Recorded data:
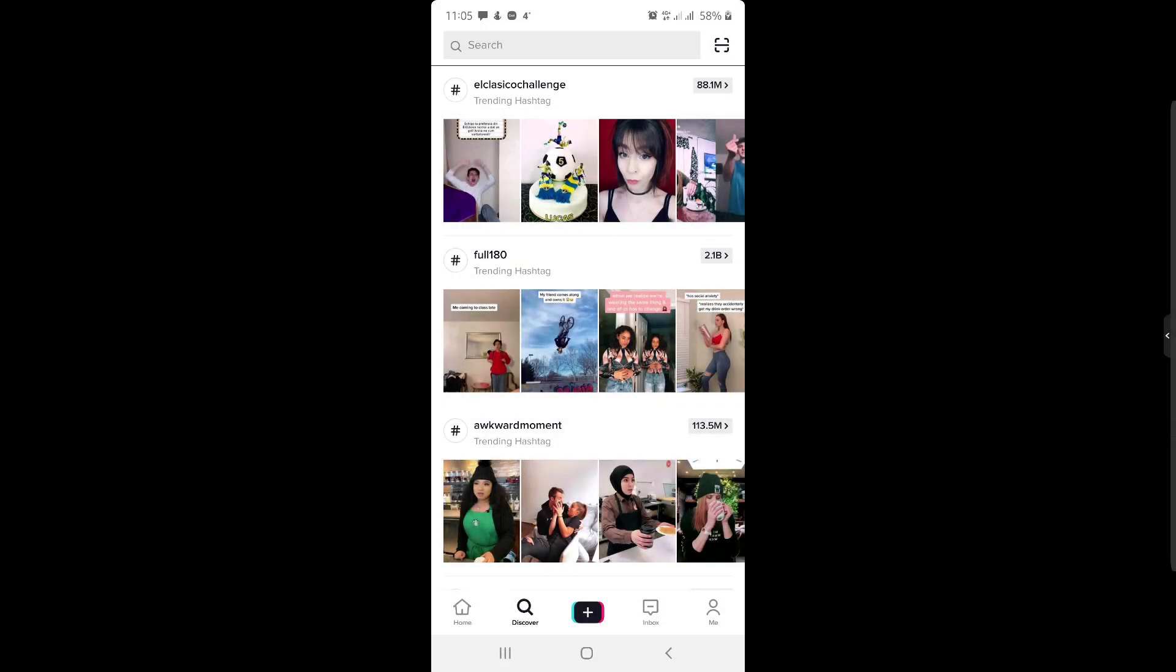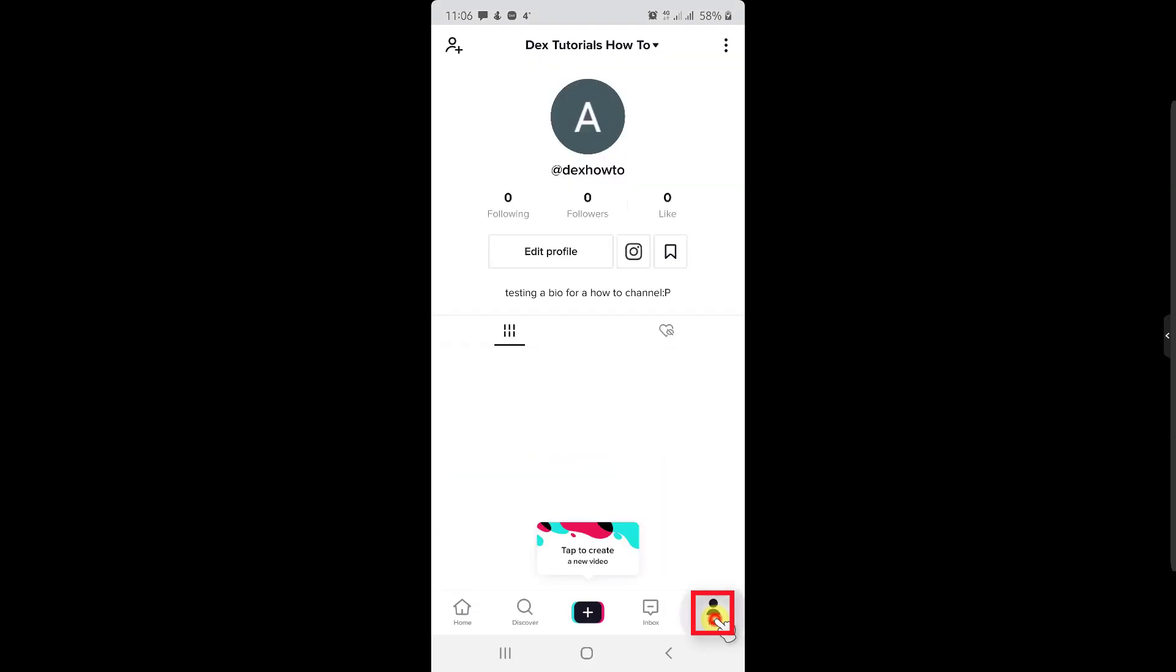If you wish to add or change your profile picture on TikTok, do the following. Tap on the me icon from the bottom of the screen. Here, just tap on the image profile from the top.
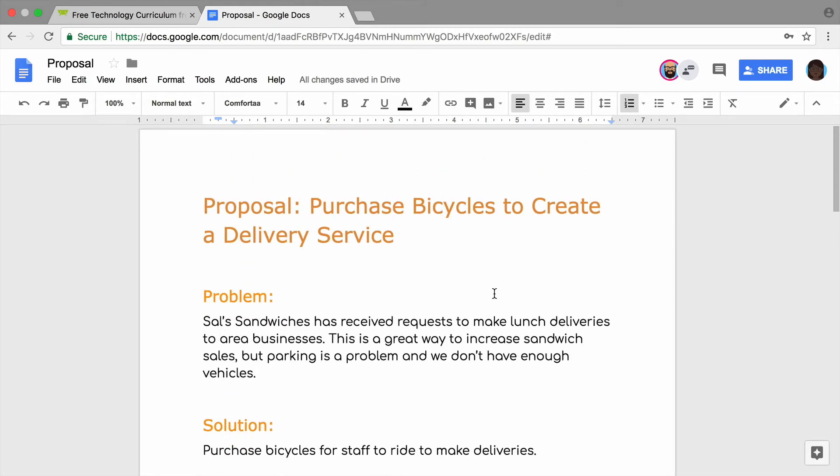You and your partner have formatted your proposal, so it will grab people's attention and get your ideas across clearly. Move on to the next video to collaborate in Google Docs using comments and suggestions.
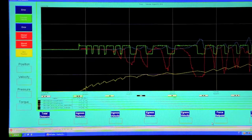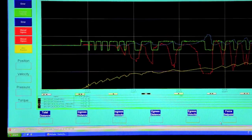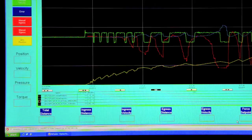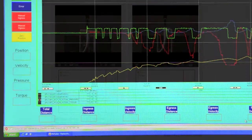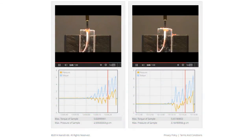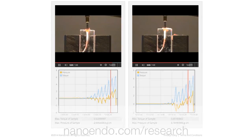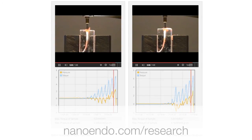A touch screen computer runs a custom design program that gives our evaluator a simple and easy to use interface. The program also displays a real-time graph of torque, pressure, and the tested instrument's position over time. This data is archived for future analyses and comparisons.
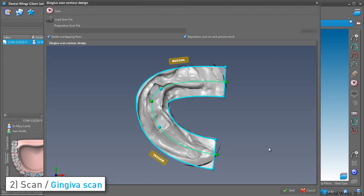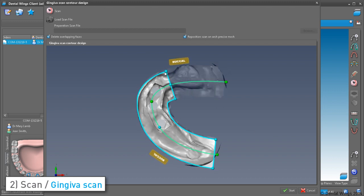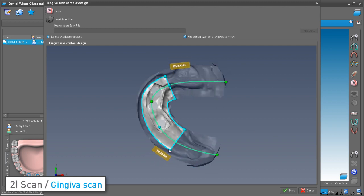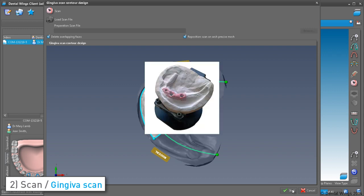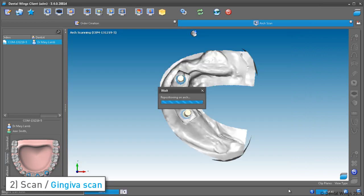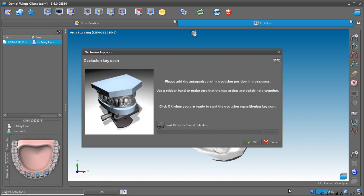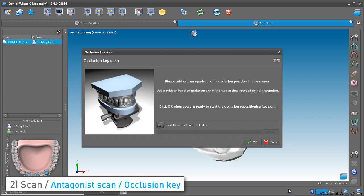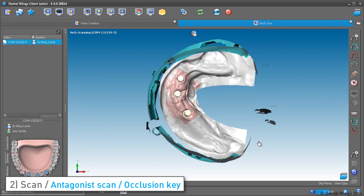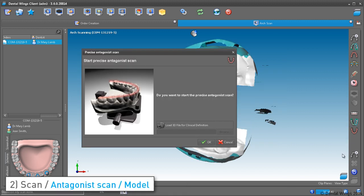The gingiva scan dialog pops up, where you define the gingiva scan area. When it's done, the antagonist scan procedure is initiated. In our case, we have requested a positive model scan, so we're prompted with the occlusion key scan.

What the exercise asks: Without the images, print all of the lines above exactly.

Task answer:
If you wish to add or change your profile picture on TikTok, do the following. Tap on the me icon from the bottom of the screen. Here, just tap on the image profile from the top.
You and your partner have formatted your proposal, so it will grab people's attention and get your ideas across clearly. Move on to the next video to collaborate in Google Docs using comments and suggestions.
A touch screen computer runs a custom design program that gives our evaluator a simple and easy to use interface. The program also displays a real-time graph of torque, pressure, and the tested instrument's position over time. This data is archived for future analyses and comparisons.
The gingiva scan dialog pops up, where you define the gingiva scan area. When it's done, the antagonist scan procedure is initiated. In our case, we have requested a positive model scan, so we're prompted with the occlusion key scan.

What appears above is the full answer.